This misconception is supported by Hollywood movies where knights are mounted by trollies because they can’t pull it off themselves. However, a plate armor is lighter than a chain mail (which in addition to the tons of rings also required a very thick layer of leather protection), and also the distribution of weight is more consistent over the whole body. A chain mail transfers most of the weight to the shoulders of the wearer. A plate of armor spreads the weight over all limbs, so it was an improvement in weight. The total weight of a plate armor was about 15 to 25 kilograms (depending on the size of the wearer, of course) and it allowed the wearer full flexibility to jump,
The armor that many people think of when they think of medieval armor is the specialized armor that knights used during jousting. This was a highly specialized armor that indeed restricted the wearer’s movement and could weigh up to 50 pounds. However, this was by no means the armor that knights wore in battle against the enemy! It was just to seduce the ladies! As today, glitter, size and decoration were important in this temptation in the past. The bigger, the brighter and the more expensive, the more women fell into a swoon!
7. The Earth is Flat
Stupid Middle Ages thought the Earth was flat, until Christopher Columbus proved otherwise and in the process discovered America.
There are a number of problems with this common belief.

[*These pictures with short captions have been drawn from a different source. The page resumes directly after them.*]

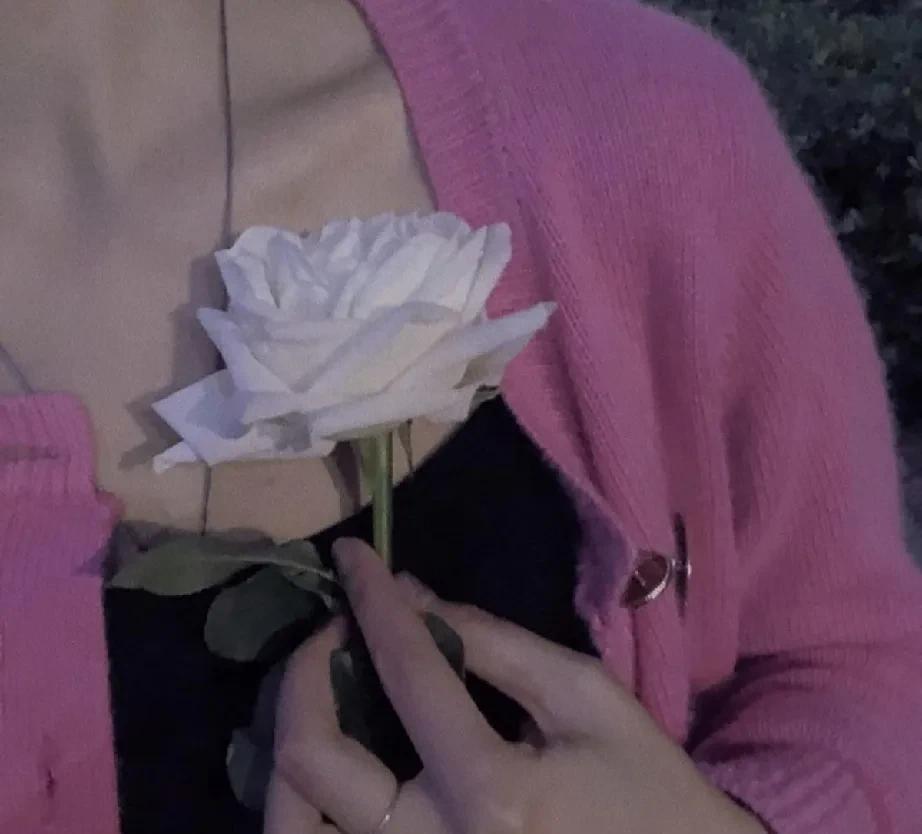 女人能忍住多久不联系你？时间会告诉你谁在假装忙碌，谁在用心爱你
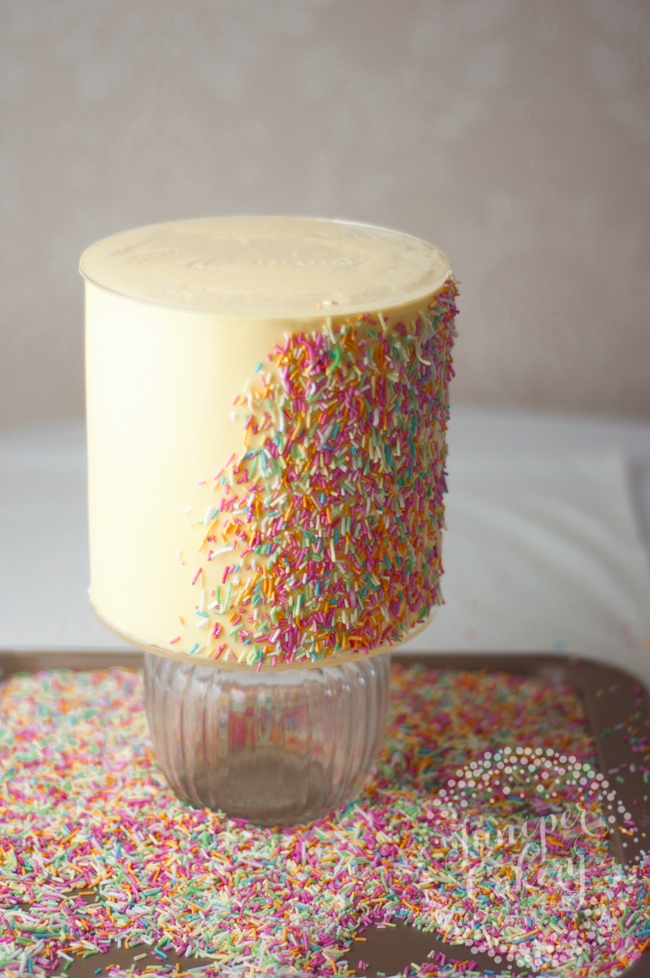 Easy sprinkle cake tutorial 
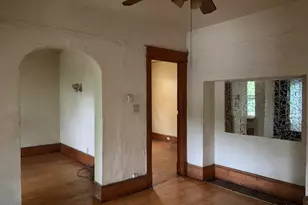 1322 W Hopkins St, Milwaukee, WI 53206 - Photo 12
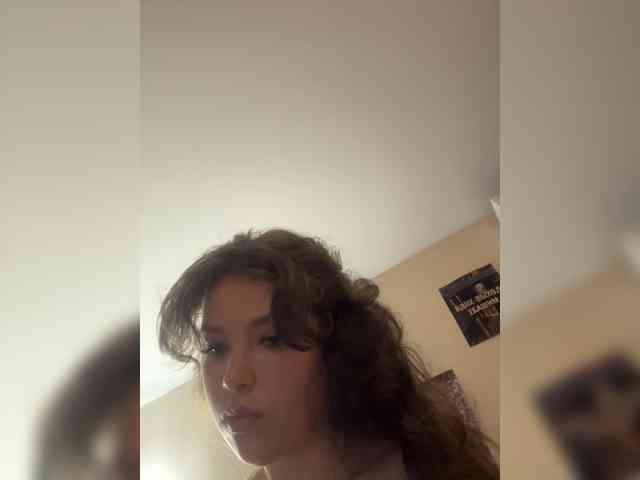 YourLadyyy webcam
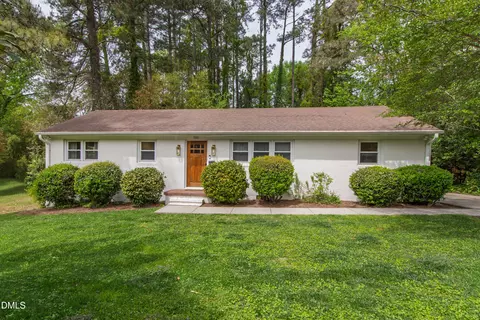 705 Chatham Ln, Raleigh, NC 27610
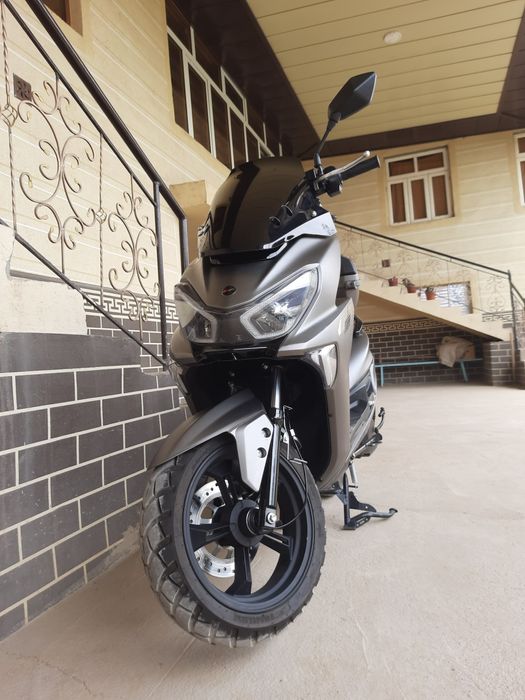 Skuter Gtiger max 150kub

Let’s start with the most striking thing: Medieval Europeans by no means believed that the Earth was flat. It had been known since the ancient Greek heyday (the days of Plato and Aristotle) that the world was spherical. At least, this was known among the intelligentsia, the average farmer didn’t give a damn whether the earth was flat or round, as long as the harvest was good.
Well, the scientists of that time already knew that the world was round, and it was not the idea that Christopher was so difficult to sell. The dispute was mainly about the distance or the size of that sphere. Columbus thought that Indonesia would be much closer (in his opinion the spherical shape was considerably smaller). He was obviously wrong about this, but in the process he discovered South America. And that was certainly a great luck for him, because he could never have reached Indonesia with his ship’s supplies, via the great ocean!
6 and 5. Columbus discovered America
Columbus was the first European to set foot on American soil.
We will stay with world discoveries for a while and in particular with Columbus. We already saw in the previous misconception that Columbus had misjudged the size of the globe. However, it did lead to the discovery of South America. There’s no denying that. What can be denied is a) the fact that Christopher was the first and b) that he set foot on American soil.
First of all, Christopher was not the first European (of course there were Indians walking around for a long time then!). The first European was an Icelander named Leif (the son of the better known Erik the Red, the discoverer of Greenland). Leif continued his father’s discovery, so he and his crew have been in America well over 5 centuries before Christopher. New Foundland, to be precise, in North America (Canada). So in principle we can say that Columbus (and his men) were the first to discover South America. However?
Actually not even that, because Christopher and his crew never really set foot on American soil on their first trips to America. On October 12, 1492, Columbus landed on one of the islands in the Caribbean Sea. He was thus the discoverer of the Caribbean islands, but not so much of America. Calling Columbus the discoverer of (South) America is a bit like claiming that the discoverer of Java also discovered Australia. It is all ‘close’ to each other, but one is not the other!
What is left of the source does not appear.